• [EXERCISE OBJECTIVE]
Find the line that contains "this 728×407 image." in the entries below. Output it and each later line exactly, and nothing else.

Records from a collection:

----------------------------------------

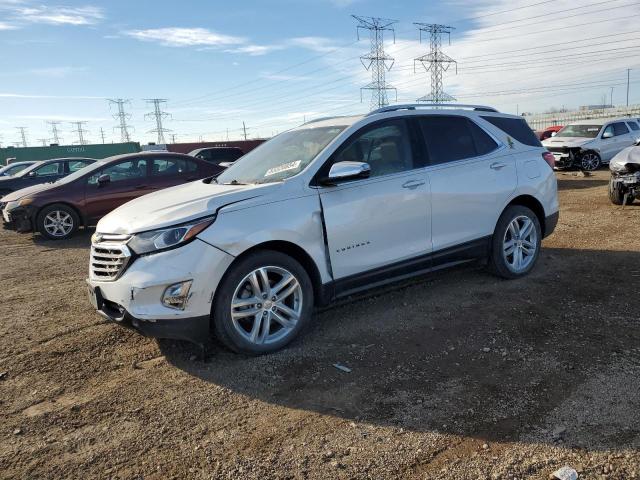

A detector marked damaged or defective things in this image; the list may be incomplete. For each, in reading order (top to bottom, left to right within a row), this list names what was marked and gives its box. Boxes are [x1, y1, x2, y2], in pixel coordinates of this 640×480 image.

damaged white car [544, 117, 640, 171]
damaged white car [608, 140, 640, 205]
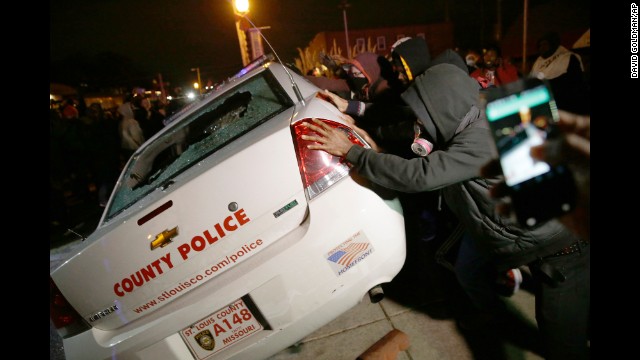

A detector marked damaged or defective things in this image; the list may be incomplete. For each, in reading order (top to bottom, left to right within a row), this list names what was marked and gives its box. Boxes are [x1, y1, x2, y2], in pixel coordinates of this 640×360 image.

shattered windshield [105, 69, 292, 222]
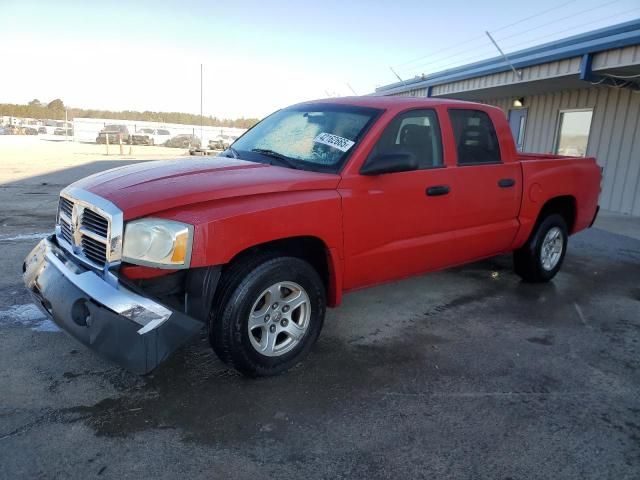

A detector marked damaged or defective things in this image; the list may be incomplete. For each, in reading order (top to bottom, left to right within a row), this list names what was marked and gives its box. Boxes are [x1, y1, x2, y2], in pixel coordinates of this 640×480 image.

damaged front bumper [23, 236, 202, 376]
cracked headlight [122, 218, 192, 268]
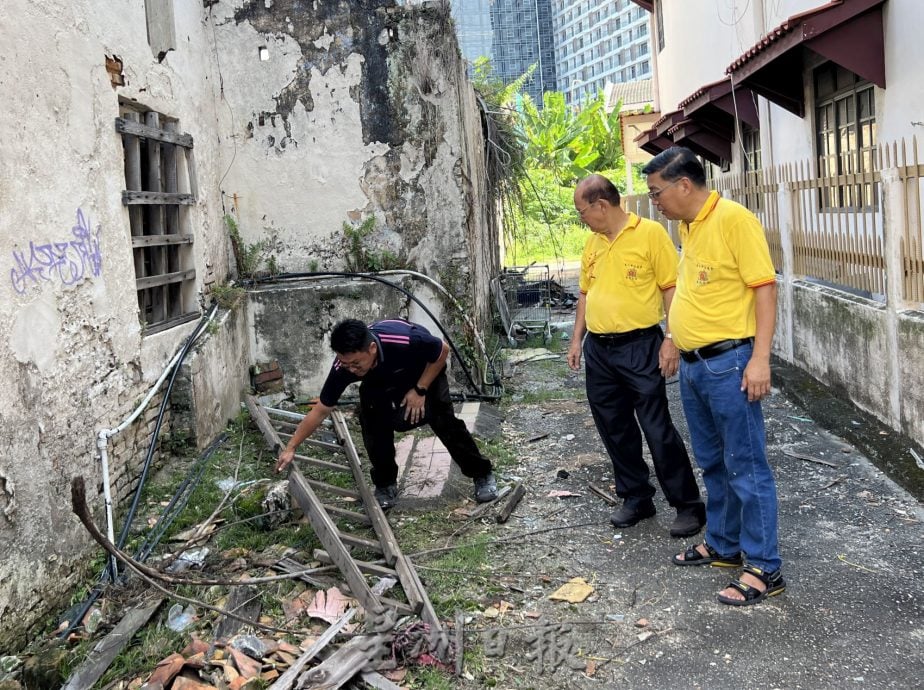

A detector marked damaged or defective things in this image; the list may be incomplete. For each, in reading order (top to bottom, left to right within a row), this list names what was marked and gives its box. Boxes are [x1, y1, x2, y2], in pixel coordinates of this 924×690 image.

broken wooden ladder [245, 396, 448, 644]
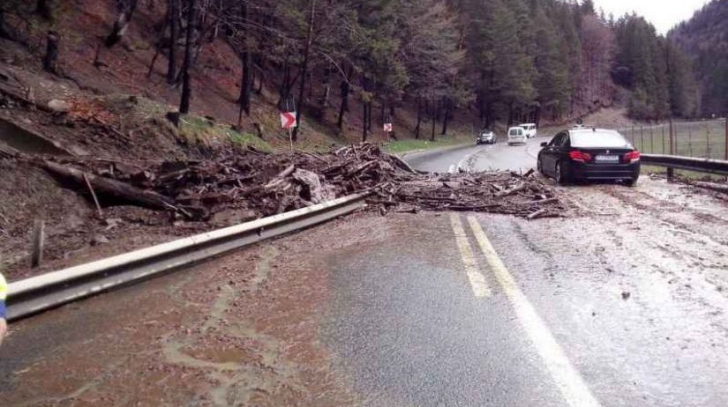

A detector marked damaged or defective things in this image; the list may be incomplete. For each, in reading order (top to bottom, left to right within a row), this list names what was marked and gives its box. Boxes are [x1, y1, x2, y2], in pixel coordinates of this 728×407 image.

bent guardrail rail [644, 154, 728, 176]
bent guardrail rail [7, 194, 370, 322]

----------------------------------------

• [RESPONSE TO THIS EXERCISE]
A detector marked damaged or defective things in this image; the list may be incomplete. For each, in reading order (top to bottom, left to right within a row), this list names what was marked and gives its box. Boxes are [x1, y1, x2, y2], in pixel coordinates of this 728×407 image.

bent guardrail rail [644, 154, 728, 176]
bent guardrail rail [7, 194, 370, 322]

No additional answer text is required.